Frequently, both University Board members and students themselves seem to
forget that international students are not the only ones who might have a
low level of English language within a classroom. Portraying the problem as
if Dutch students ‘suffer’ from the lack of knowledge of foreigners, as the
writer (most likely based on the opinions of those interviewed) did, is
biased and partial. Saying that ‘It costs them [teachers] three times as
much to explain things to international students than to Dutch students’

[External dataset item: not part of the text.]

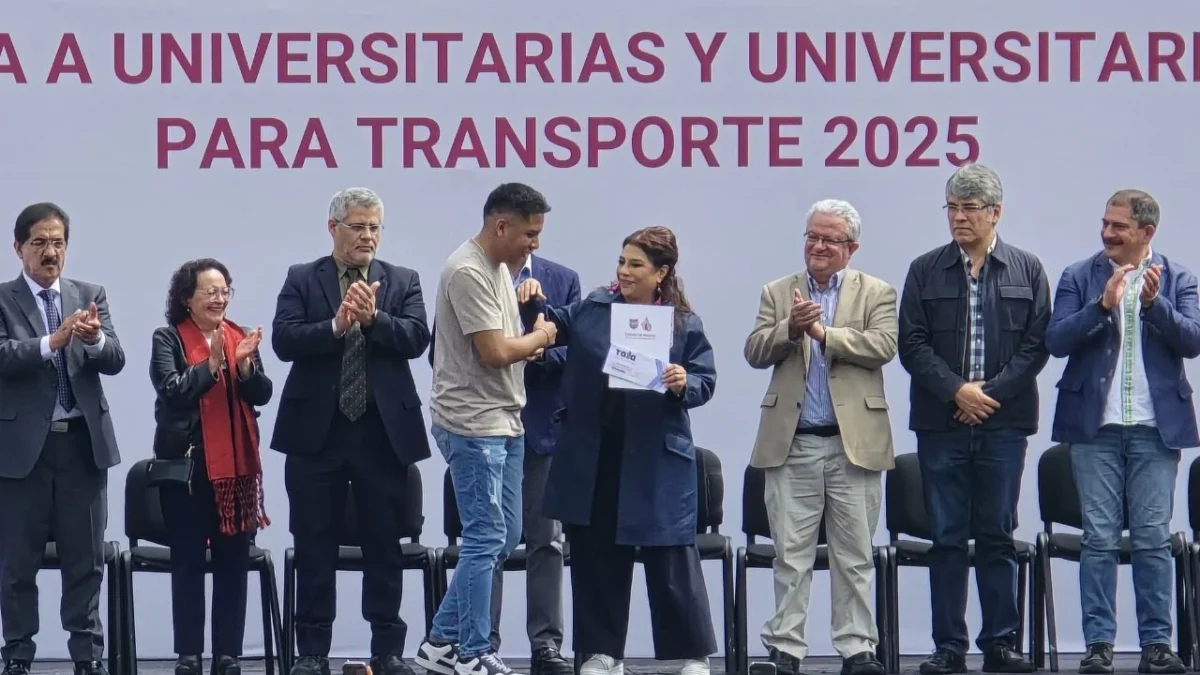 La jefa de Gobierno, Clara Brugada, encabezó la dispersión de 10 mil apoyos para transporte de estudiantes universitarios, con lo que suman 55 mil beneficiarios a la fecha.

reflects an oversimplification of a complex problem: both international and
Dutch students suffer the consequences of foreigners, Dutch students and
lecturers with a low level of English.
Indeed, the solution to this problem is far from simple. In the case of
international students, bringing them all the way from their countries to
take a test here does not seem reasonable to me. Demanding a higher grade
in the English language test taken before coming might be a start. The
TOEFL is a very reliable test, and the University could simply demand
higher grades or other specific tests to be taken (oral ones, for example,
also available within the TOEFL). However, not all the students coming from
abroad are obliged to take such a test. Those coming from ‘well-known
universities’ (as defined by the WUR, in what seem to be rather
opportunistic and subjective ways), mostly Europeans, and Erasmus students,
are still not required to take the entrance examination.
Concerning Dutch students, it would be clearly unfair to require them to
take all their subjects in English. After all, they are Dutch and live in
the Netherlands! Nevertheless, the recently introduced BSc-MSc system
demands that Dutch and foreigners take all the MSc courses together (and
therefore in English). Well, then it also seems right to demand from Dutch
students a reasonable command of the English language.
Last, but far from least, the level of English of some lecturers is one of
the most pressing factors of the problem. How many students have not yet
been faced with lecturers (and their readings) whose English is quite
difficult to understand? It sometimes costs us (students) three times as
much to understand and assimilate concepts and ideas!
Yes, the problem exists and demands urgent solutions. But simplifying it
will not take us anywhere… Since 2001, I have come across a flow of
suggestions and ideas that could be potentially taken up. Unfortunately,
none of them has been ultimately implemented.